As a UK resident you will also need to declare the income to HMRC. France has a “double taxation agreement" with the UK so in most cases you are unlikely to face being taxed twice on the same income.
The double taxation treaty grants partial relief against liability to tax in the UK. Where your UK tax liability is greater than the tax payable in France, the difference is paid in the UK. However, if the UK tax is less, there is no repayment of the French tax in the UK.
For example, if you have a property in France, there is a basic rate of 20% tax on the net rental (and other) income of non-residents, (although you may be able to benefit from a lower rate, depending on the level of your worldwide income). Someone who is a resident in the UK and a higher rate tax payer will pay tax at 20% in France and pay the balance up to 40% or 50% in the UK.

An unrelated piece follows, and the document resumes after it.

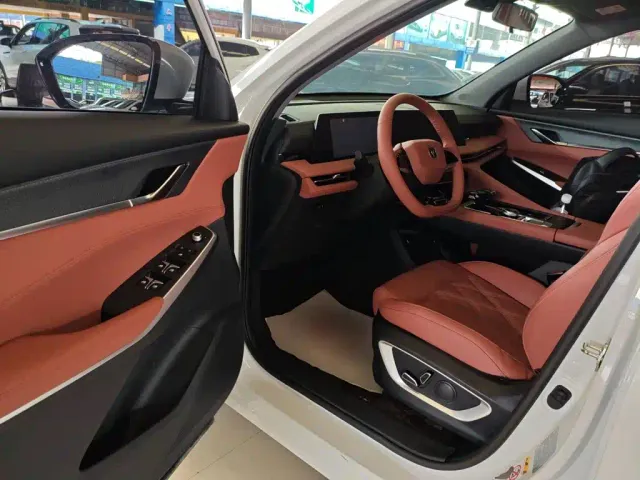 Changan CS75 Plus — Фото автомобиля 11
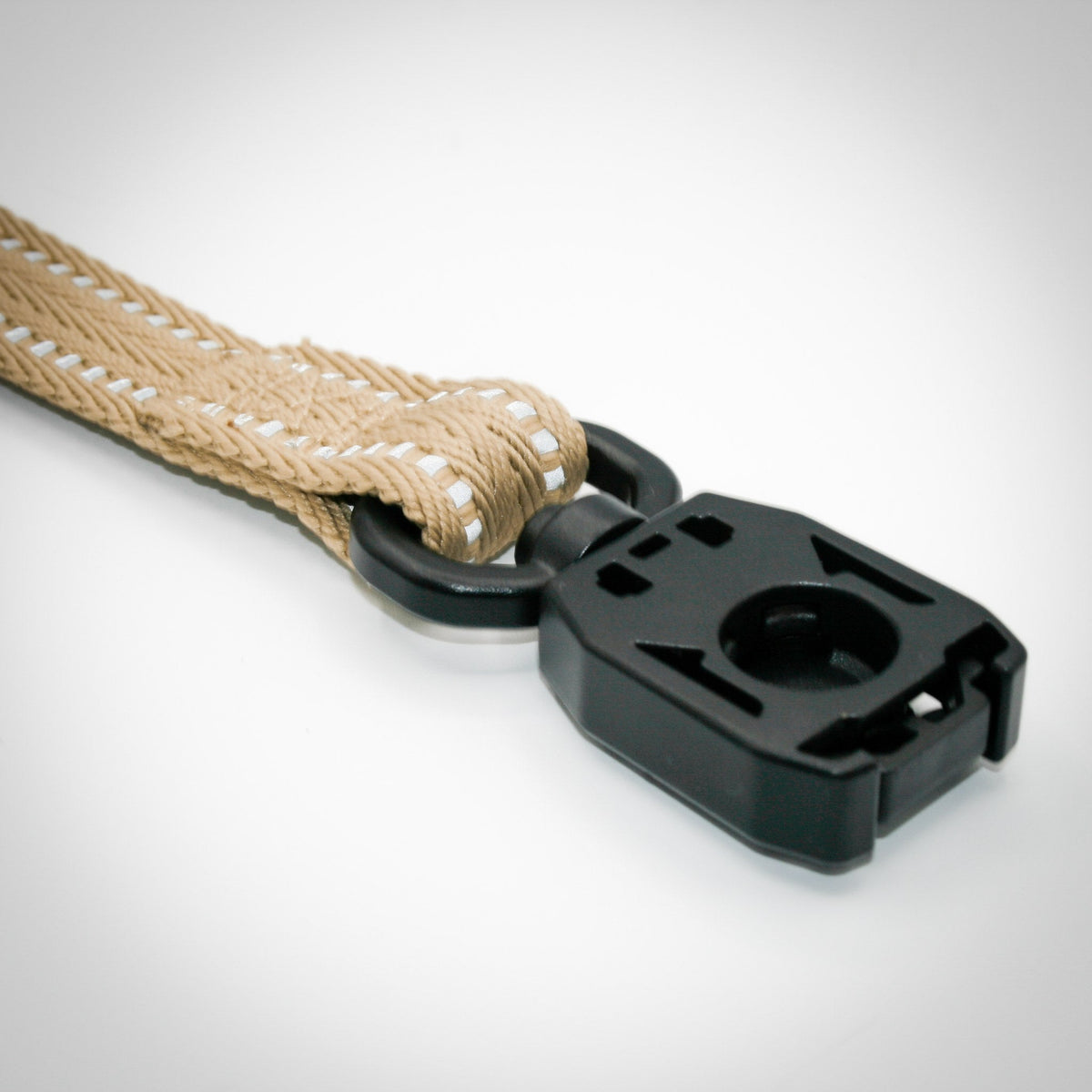 Desert Tan Standard leash — buckle, top view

The tax rate is determined by the government of the country your property is located in, so you do need to check what the rate is. In some cases there is a sliding scale dependent on income, or you can opt for a fixed rate, irrespective of income in the tax year.
You are advised to seek specialist advice as many European governments have made recent changes or are considering making changes to the rates at which tax is due on rental income.
Use Capital Allowances to reduce income tax or corporation tax
As stated above, you have a legal obligation to declare and pay taxes on rental profits both in the country your property is in and in the UK. In some cases however, you may be due for a large tax rebate from HMRC, so there is a real incentive to declare the income.
By claiming capital allowances on the integral features of your property (that were either present in the property when you bought it or that have been added since) you can reduce a future tax liability and/or claim tax back from the last two tax years. This can be worth 10% or more of the purchase price as a cash saving for a 40% tax payer. As this is a specialist field most accountants will not be able to identify the allowances for you. You can contact a specialist such as Hedge Tax Mitigation for more information and a free illustration. Act quickly as the deadline to claim tax back from 2009/10 is 31st January 2012.
Selling the property
If you sell your property for more than you paid for it, you may be liable to pay Capital Gains Tax (CGT). The first £10,000 of profit is exempt from tax and there are other allowances or reliefs that can be claimed.
If you go on to reinvest the profit in another holiday let that costs the same or more than the original property, within three years of selling, then you may be able to defer the CGT until you sell. This is known as Business Asset Roll Over Relief.
You may also benefit from Entrepreneurs Relief when you sell your holiday home, if it is classed as a business asset, and this will mean you pay the business rate of CGT, which is 10% rather than 18%.
You are advised to seek the advice of an accountant when you are considering selling as the legislation may have changed.
In some instances it is possible to use Capital Allowances to reduce CGT where you are selling your last holiday let; your accountant can advise on this. To find out how much you can claim in allowances contact a specialist, such as Hedge Tax Mitigation, who will work in conjunction with your accountant.
Don’t make the mistake of not declaring your property, as HMRC is using overseas land registries as well as holiday letting agents to find out who owns holiday lets. You will find a wealth of information on the website www.direct.gov.uk and your local accountant will also be able to advise you about your obligations to HMRC. For information on the tax due overseas there is a wealth of information available on the internet, but you are advised to seek the advice of a specialist.